To encourage landowners to protect habitat for RCWs, Alabama Department of Conservation and Natural Resources, in cooperation with the U.S. Fish and Wildlife Service, has implemented a Safe Harbor program in the state. Safe Harbors are intended to foster cooperation of landowners, and benefit both endangered species and landowners simultaneously. Under a Safe Harbor agreement, landowners agree to manage their land in a way that is expected to benefit RCW populations, but will not incur any new restrictions if RCW populations expand beyond the baseline level that exists on the property when the agreement is signed. The baseline level can even be zero if potential RCW habitat is present but no RCWs exist on the land. Landowners retain all private property rights and management flexibility. Land managers are encouraged to use prescribed burning, hardwood mid-story control, pine thinnings, and longleaf pine restoration to improve land for RCWs. These management techniques help maintain a healthy southern pine forest while also benefiting other desirable species such as Northern bobwhite. Safe Harbor agreements have been very popular with forest landowners in other states, and are considered a 'win-win' program: RCW populations are protected while the rights of landowners are respected.
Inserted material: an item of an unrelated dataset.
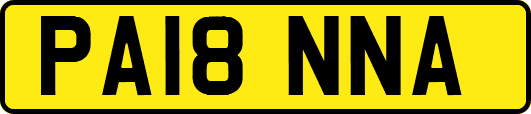 PA18NNA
|RCW chicks banded for continued monitoring of RCW populations on property enrolled in the Safe Harbor Program.|
This endangered species project is intended to continue publicizing and implementing the RCW Safe Harbor program in Alabama to continue to make the program stronger in Alabama. Implementation efforts focus on enrolling additional forest lands and monitoring properties that are currently enrolled in the program. Benefits to the RCW in Alabama include increased protection and expansion of existing populations, establishment of new populations, and expanded suitable habitat for the species. Expected benefits for participating landowners are protection and assurance that they will not incur additional legal restrictions beyond a baseline condition agreed upon when they enter into the agreement. These activities will help contribute to the recovery of this endangered species. Other species of conservation concern that rely on open, mature pine woodlands, such as eastern indigo snake, Bachman's sparrow, gopher tortoise, southeastern pocket gopher, and bobwhite quail, will also benefit from management of red-cockaded woodpeckers on private lands under the Safe Harbor agreement.